EXERCISE DESCRIPTION: Return only the lines of the data below from the line with "Školní autobus pro tisk omalovánka" up to and including the line with "Asian Couple by Pond with Greenery", exactly as written, with the pictures omitted.

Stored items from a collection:
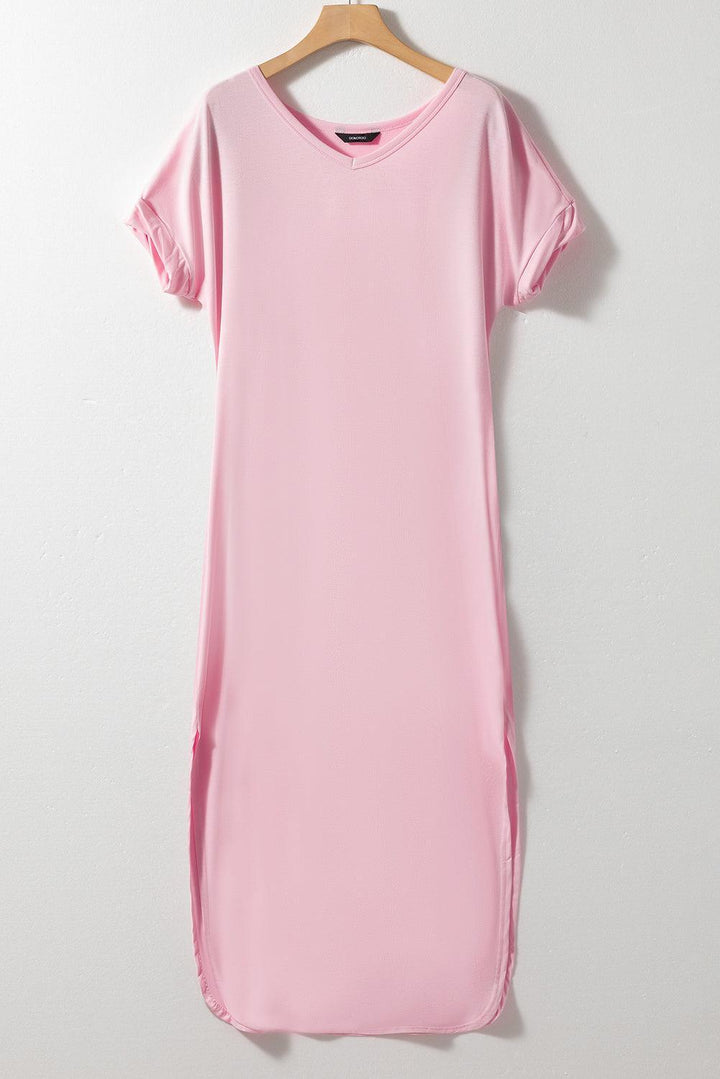 Robe longue fluide col V
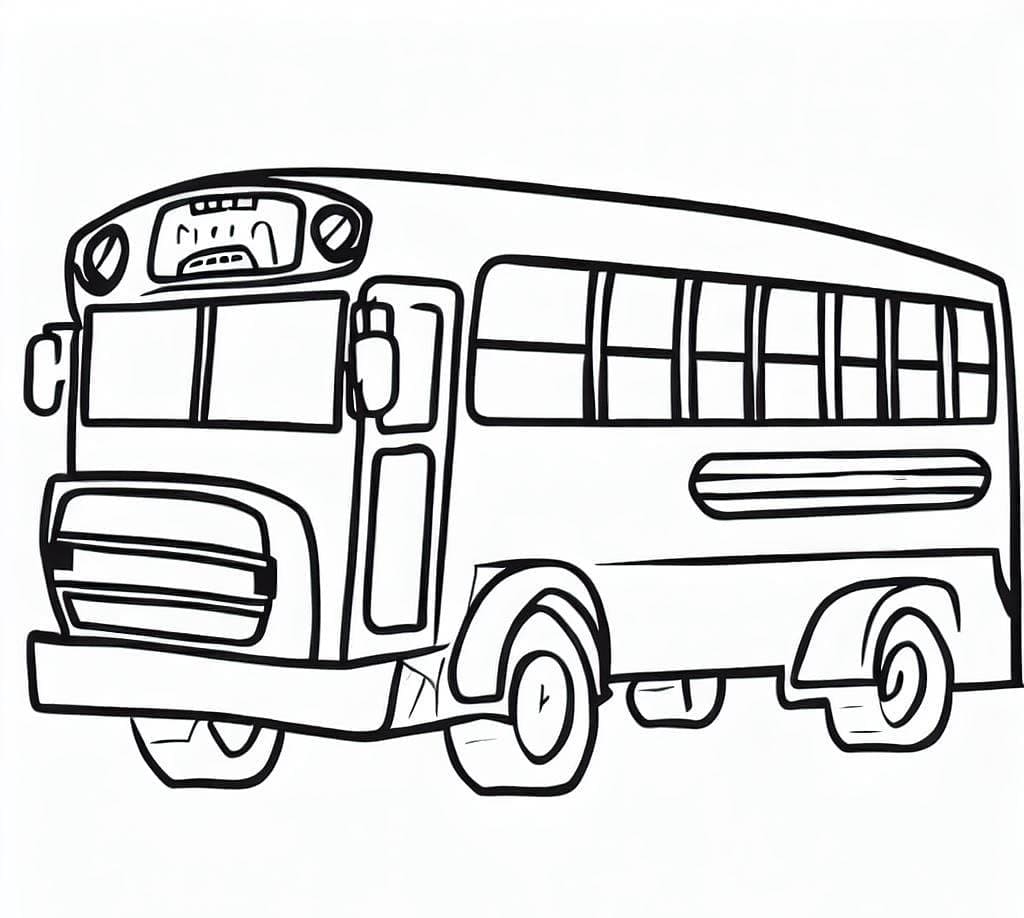 Školní autobus pro tisk omalovánka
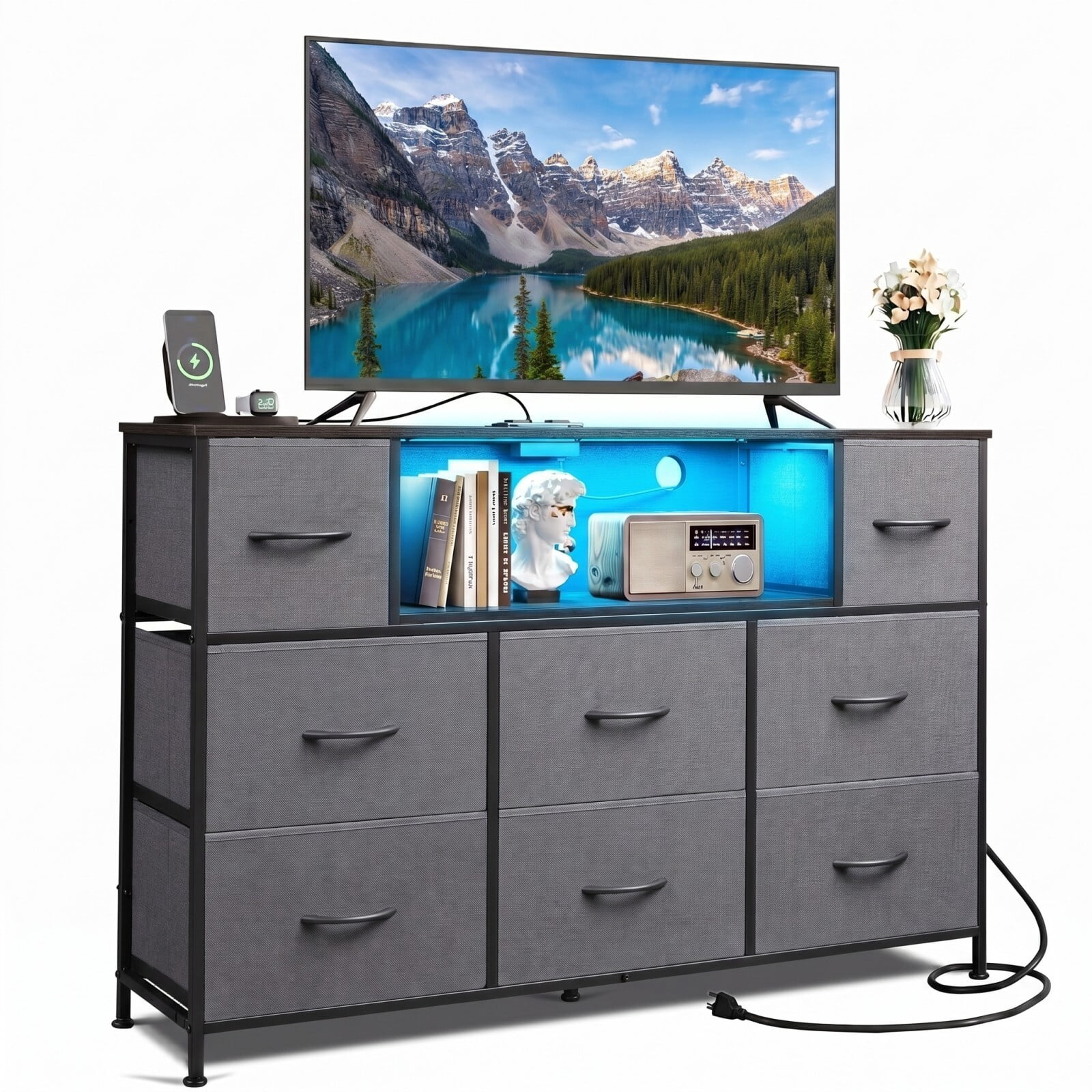 BEAUTYPEAK TV Stand Dresser with 8 Fabric Drawers LED Light Open Shelf AC & USB-C Charging Station, Gray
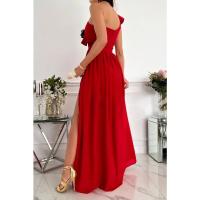 Vestido Largo con Borde Volantes y Lazos para Un Solo Hombro Moda Femenina - details 12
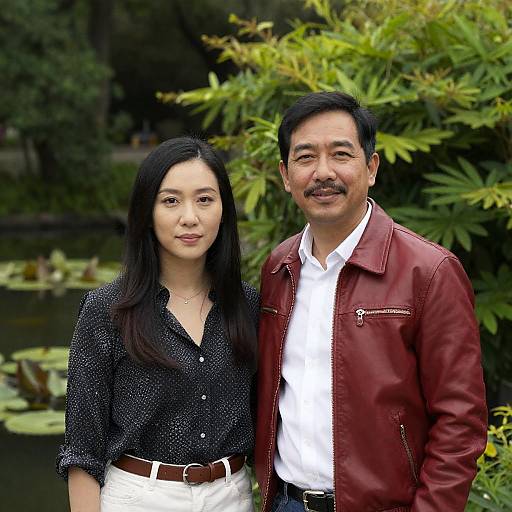 Asian Couple by Pond with Greenery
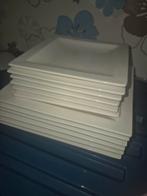 Stapel witte vierkante borden, Ophalen, Keramiek, Zo goed als nieuw, Bord(en)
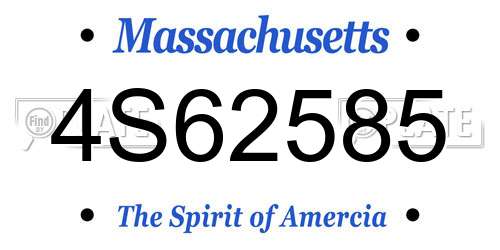 4S62585 Massachusetts License Plate
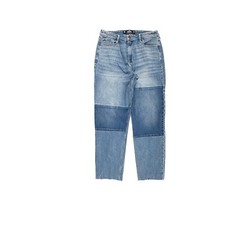 Hollister Ultra High Rise Mom Raw Hem Women's size 13 Two Tone Blue Denim Jeans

RESULT:
 Školní autobus pro tisk omalovánka
 BEAUTYPEAK TV Stand Dresser with 8 Fabric Drawers LED Light Open Shelf AC & USB-C Charging Station, Gray
 Vestido Largo con Borde Volantes y Lazos para Un Solo Hombro Moda Femenina - details 12
 Asian Couple by Pond with Greenery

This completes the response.